Applying a function to multiple lists - r

I am doing research on U.S. Lobbying, who publishes their data as an open API that is very poorly integrated and only seems to allow 250 observations to be downloaded at one time. I would like to compile the whole data set into one data table but am struggling with the last step to do so. This is what I have thus far
base_url <- sample("https://lda.senate.gov/api/v1/contributions/?page=", 10, rep = TRUE) #Set the number between the commas as how many pages you want
numbers <- 1:10 #Set the second number as how many pages you want
pagesize <- sample("&page_size=250", 10, rep = TRUE) #Set the number between the commas as how many pages you want
pages <- data.frame(base_url, numbers, pagesize)
pages$numbers <- as.character(pages$numbers)
pages$url <- with(pages, paste0(base_url, numbers, pagesize)) # creates list of pages you want. the list is titled pages$url
for (i in 1:length(pages$url)) assign(pages$url[i], GET(pages$url[i])) # Creates all the base lists in need of extraction
The last two things I need to do are extract the data table from the created lists and then full join all of them.
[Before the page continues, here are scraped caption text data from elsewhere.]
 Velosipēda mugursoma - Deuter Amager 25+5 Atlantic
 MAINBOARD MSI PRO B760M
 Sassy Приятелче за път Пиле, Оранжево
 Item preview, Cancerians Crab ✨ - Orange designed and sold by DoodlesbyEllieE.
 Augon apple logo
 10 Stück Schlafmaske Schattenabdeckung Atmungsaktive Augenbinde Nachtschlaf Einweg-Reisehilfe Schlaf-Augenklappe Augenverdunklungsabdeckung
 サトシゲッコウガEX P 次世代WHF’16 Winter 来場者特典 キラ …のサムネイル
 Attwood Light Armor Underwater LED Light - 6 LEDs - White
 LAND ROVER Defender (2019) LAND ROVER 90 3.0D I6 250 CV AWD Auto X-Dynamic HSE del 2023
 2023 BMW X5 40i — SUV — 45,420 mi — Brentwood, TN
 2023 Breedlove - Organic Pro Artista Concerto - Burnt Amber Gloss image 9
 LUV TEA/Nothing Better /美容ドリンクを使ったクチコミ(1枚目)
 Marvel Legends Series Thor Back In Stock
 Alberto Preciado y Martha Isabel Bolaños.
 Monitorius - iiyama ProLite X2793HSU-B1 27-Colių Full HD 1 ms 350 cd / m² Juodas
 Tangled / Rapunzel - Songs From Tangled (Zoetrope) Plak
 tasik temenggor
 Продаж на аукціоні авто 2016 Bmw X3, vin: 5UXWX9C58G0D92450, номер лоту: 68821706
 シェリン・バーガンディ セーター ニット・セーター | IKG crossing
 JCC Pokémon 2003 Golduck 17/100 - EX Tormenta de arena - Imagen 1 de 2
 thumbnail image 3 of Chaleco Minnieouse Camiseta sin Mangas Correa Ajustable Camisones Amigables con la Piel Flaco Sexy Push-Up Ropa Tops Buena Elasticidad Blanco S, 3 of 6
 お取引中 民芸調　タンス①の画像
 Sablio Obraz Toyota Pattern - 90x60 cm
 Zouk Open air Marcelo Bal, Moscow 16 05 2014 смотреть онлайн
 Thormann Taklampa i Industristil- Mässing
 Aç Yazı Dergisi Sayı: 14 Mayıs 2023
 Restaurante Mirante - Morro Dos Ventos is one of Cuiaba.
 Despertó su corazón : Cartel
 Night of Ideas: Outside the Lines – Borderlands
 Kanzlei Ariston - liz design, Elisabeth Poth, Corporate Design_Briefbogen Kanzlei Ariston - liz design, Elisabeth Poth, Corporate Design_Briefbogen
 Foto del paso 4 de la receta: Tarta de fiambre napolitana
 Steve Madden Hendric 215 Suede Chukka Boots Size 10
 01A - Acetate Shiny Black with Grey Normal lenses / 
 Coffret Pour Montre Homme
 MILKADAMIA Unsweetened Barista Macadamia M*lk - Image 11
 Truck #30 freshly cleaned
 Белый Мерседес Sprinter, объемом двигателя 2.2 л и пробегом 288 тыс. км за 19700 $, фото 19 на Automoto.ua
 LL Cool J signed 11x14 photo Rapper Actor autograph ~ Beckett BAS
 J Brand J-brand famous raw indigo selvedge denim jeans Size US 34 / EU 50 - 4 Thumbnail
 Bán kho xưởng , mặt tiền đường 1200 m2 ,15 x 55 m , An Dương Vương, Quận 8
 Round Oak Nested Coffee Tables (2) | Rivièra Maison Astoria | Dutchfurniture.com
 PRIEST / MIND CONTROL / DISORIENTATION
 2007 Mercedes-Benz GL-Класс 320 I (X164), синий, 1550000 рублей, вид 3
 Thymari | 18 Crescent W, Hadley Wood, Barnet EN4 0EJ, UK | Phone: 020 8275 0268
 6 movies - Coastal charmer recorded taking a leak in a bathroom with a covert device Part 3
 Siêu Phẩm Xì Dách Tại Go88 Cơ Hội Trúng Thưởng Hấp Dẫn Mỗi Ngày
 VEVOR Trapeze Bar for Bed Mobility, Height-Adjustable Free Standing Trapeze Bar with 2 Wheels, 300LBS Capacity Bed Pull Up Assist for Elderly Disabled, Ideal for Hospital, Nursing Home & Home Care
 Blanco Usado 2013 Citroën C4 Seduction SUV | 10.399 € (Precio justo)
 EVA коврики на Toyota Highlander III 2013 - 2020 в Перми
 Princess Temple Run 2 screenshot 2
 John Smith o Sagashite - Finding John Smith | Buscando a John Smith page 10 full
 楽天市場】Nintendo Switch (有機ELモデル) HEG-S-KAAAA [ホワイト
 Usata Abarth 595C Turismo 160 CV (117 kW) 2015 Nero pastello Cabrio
I know how to join all of them but extracting the data frames is proving to be challenging. basically, to all the created lists I need to apply the function fromJSON(rawToChar(list$content)). I have tried using lapply but have yet to figure it out. any help would be greatly welcomed!

When you were assigning GET(pages$url[i])) to your data frame you were coercing it to a character vector. Better to assign it to a list and keep it as a response:
library(httr)
library(jsonlite)
library(dplyr) # for bind_rows
page_content <- list()
for (i in 1:length(pages$url)) page_content[[i]] <- GET(pages$url[i]) # Creates all the base lists in need of extraction
Then you can use the code you had written - fromJSON(rawToChar()) - to extract it from raw bytes to characters:
results_list <- lapply(
page_content,
\(page) fromJSON(rawToChar(page[["content"]]))["results"][[1]]
)
results_table <- do.call(bind_rows, results_list)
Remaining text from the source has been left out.